Aufarbeitung im Prozess

Auf den Mittagsmörder trifft der Journalist Hirschmann dann beim Prozess. Auf der Anklagebank sitzt ein junger Mann etwa im gleichen Alter. Sogar in der gleichen Gegend ist er aufgewachsen, in Hersbruck. Kühl und unsicher wirkt der Angeklagte vor Gericht.

"Komisch, da fällt mir gerade eine Aussage von ihm ein - hat er die später vor Gericht gemacht? Solange man nicht erwischt wird, ist es ja so, als ob man es nicht wirklich gewesen ist."

Der pensionierte Journalist Hirschmann in 'Der Mittagsmörder' von Petra Nacke und Elmar Tannert

Der "Mittagsmörder" flieht bei einem Ortstermin vor einer aufgebrachten Menschenmenge zum Polizeiauto.

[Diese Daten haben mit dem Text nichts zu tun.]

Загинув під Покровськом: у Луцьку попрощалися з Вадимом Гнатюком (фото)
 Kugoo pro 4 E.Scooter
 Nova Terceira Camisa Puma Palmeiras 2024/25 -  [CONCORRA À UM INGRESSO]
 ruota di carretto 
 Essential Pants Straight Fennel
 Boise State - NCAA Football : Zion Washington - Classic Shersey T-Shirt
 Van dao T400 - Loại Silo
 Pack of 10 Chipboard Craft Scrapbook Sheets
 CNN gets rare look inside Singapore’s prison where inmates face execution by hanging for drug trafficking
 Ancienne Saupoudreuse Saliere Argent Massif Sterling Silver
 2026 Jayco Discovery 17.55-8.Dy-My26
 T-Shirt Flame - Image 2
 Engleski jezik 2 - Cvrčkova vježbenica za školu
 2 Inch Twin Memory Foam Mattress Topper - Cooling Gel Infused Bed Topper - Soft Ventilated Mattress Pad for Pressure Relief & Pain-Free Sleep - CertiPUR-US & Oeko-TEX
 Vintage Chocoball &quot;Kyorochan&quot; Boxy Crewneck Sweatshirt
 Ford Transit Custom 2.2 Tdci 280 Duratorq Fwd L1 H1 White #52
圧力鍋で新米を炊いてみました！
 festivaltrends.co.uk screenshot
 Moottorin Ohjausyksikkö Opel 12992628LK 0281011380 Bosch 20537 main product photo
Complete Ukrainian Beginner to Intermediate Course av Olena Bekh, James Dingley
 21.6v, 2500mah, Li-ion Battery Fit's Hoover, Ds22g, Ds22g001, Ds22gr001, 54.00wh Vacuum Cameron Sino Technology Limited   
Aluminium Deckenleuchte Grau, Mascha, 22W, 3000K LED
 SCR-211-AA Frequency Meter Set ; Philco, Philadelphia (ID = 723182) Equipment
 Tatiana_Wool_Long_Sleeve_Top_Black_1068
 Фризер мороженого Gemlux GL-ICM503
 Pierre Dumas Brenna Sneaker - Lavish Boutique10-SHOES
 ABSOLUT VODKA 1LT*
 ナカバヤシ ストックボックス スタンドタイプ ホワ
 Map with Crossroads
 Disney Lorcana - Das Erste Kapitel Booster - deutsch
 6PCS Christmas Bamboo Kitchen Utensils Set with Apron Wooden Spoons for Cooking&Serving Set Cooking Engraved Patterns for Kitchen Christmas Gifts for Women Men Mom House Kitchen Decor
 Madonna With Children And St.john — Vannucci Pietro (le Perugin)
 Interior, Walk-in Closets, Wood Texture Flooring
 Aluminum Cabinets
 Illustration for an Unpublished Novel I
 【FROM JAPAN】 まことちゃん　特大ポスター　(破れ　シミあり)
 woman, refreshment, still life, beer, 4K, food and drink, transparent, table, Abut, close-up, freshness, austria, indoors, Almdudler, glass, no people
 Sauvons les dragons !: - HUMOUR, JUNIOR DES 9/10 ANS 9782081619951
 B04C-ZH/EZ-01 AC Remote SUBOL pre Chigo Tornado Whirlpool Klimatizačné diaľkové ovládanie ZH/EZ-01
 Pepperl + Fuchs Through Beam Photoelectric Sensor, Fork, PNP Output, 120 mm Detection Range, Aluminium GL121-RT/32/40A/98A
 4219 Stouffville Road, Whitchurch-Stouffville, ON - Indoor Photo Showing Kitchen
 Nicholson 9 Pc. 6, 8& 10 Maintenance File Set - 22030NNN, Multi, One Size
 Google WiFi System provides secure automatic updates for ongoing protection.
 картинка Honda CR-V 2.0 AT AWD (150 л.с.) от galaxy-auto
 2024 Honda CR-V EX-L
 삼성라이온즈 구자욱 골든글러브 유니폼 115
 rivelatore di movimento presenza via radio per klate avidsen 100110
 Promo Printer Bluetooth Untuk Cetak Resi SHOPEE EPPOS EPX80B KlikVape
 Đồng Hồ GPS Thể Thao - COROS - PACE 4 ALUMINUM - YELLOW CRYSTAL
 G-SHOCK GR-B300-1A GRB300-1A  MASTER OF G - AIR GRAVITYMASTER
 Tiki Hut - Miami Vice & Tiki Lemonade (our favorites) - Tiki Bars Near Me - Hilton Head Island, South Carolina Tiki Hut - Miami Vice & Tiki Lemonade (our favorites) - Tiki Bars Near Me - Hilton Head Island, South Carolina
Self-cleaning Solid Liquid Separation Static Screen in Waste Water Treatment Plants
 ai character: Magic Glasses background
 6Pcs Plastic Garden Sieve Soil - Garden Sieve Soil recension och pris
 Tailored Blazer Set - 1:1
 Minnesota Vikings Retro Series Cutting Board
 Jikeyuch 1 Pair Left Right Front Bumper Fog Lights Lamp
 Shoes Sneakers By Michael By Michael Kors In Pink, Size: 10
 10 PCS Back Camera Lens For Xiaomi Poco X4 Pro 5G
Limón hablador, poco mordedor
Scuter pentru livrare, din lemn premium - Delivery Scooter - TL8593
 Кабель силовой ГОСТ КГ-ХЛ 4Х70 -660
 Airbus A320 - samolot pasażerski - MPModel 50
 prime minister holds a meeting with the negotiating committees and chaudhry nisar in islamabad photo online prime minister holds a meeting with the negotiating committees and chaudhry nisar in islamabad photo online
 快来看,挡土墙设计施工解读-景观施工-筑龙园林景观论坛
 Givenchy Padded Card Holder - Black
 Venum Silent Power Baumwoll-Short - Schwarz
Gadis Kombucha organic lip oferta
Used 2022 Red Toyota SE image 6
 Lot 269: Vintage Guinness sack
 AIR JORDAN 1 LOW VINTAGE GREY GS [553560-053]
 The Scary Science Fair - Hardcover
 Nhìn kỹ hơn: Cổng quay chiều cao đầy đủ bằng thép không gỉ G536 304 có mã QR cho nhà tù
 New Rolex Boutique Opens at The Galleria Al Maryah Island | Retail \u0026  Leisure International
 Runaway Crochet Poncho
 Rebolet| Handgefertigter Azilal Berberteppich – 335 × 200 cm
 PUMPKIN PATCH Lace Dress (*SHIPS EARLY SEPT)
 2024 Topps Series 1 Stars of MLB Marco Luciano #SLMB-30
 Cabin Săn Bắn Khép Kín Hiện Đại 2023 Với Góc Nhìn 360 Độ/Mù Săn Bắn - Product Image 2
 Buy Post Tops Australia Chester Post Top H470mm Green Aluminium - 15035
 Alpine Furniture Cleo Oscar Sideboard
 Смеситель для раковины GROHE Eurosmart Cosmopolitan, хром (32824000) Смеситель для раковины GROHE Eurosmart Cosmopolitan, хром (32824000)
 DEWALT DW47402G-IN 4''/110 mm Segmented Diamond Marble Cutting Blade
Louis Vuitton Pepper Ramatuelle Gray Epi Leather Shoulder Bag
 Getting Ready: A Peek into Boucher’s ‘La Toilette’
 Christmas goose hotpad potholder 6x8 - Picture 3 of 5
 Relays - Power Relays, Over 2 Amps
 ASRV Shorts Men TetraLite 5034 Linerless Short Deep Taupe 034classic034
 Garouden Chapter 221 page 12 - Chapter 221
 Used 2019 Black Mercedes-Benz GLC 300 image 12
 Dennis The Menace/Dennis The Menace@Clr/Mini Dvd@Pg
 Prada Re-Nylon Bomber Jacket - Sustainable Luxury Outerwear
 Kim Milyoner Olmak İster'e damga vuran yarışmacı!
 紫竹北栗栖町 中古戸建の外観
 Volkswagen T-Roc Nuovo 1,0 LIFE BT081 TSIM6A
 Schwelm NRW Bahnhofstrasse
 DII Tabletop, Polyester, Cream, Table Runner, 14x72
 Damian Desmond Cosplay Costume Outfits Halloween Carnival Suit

Auch der echte Mittagsmörder zeigte wenig Reue und Mitleid für seine Opfer. Und wie in der Realität stürzen sich auch im Roman die Medien auf so einen kaltschnäuzigen Mörder und bringen immer neue Enthüllungen über das Umfeld des Mittagsmörders. Und natürlich gehört auch Hirschmann zu dieser Maschinerie und schreibt fleißig mit. "Wir haben die Schuldfrage nicht gestellt", sagt Nacke. "Wir wollten versuchen, aus Sicht eines Journalisten diese Zeit aufzurollen, diesen Fall aufzurollen und uns zu fragen, wie eigentlich die Rolle der Medien in so einem Fall ist."

Petra Nacke und Elmar Tannert ist ein interessantes Buch über die 60er-Jahre aus Sicht der jungen Kriegsgeneration gelungen. Wer allerdings meint, einen spannenden Krimi hinter der Verpackung "Mittagsmörder" zu bekommen, ist auf dem Holzweg und wird das Buch auch schnell wieder weglegen.